Long-time members know that Indonesia (IF) has been a favorite of mine that is oftentimes overlooked by even savvy global investors.
This year, it is one of the best performers in the world with a growth rate just a bit behind China. Other attributes are its rich natural resources, less reliance on exports relative to its neighbors, and its growing consumer class which fuels 65% of GDP.
Other positives are its appreciating currency and strong banks. Jakarta’s banks are among Asia’s best-capitalized banks. Then there is political stability.
Susilo Bambang Yudhoyono, re-elected last month as Indonesia’s president, expects faster growth next year and a narrowing of the country’s budget deficit alongside a likely increase in inflation.
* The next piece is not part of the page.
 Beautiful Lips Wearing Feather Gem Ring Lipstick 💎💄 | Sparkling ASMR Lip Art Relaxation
Indonesia has been less affected by the global slowdown than many, thanks to relatively sturdy domestic consumption, due in part to spending associated with this year’s legislative and presidential elections and a lower dependence on exports. The finance ministry has projected south-east Asia’s largest economy to grow by 4.3 per cent this year. The resilience of the economy helped Mr Yudhoyono cruise to victory with 60.8 per cent of the vote.
In his 2010 budget announcement, the president said the government was targeting growth of 5 per cent in 2010. He said Indonesia planned to trim its deficit to 1.6 per cent of gross domestic product from an expected 2.5 percent this year, calling it a “safe and appropriate” level. The International Monetary Fund last week said Indonesia could afford a 2 per cent deficit in 2010 to maintain sufficient fiscal stimulus.
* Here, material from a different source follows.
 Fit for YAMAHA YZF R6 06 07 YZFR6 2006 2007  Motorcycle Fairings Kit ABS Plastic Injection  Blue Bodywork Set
Following the announcement to parliament, finance minister Sri Mulyani Indrawati said oil production will rise further to 1.01m by 2014. She forecast economic growth would increase further to 6.2 per cent in 2011, rising steadily to 7.2 per cent in 2014.
Indonesia on Monday posted June exports of $9.33bn, up from $9.26bn in May, but still down 27 per cent year-on-year.
Prakriti Sofat, economist for HSBC, said the export tally “reflects stabilization. Things are turning around.” Nikhilesh Bhattacharyya, associate economist with Moody’s Economy.com, said “The recent uptick in commodity prices following last year’s collapse and firming external demand are helping to boost outward trade.”
My only concern about Indonesia (IF) at this point is valuations that have come up sharply with the market this year. Buy on any sharp dips.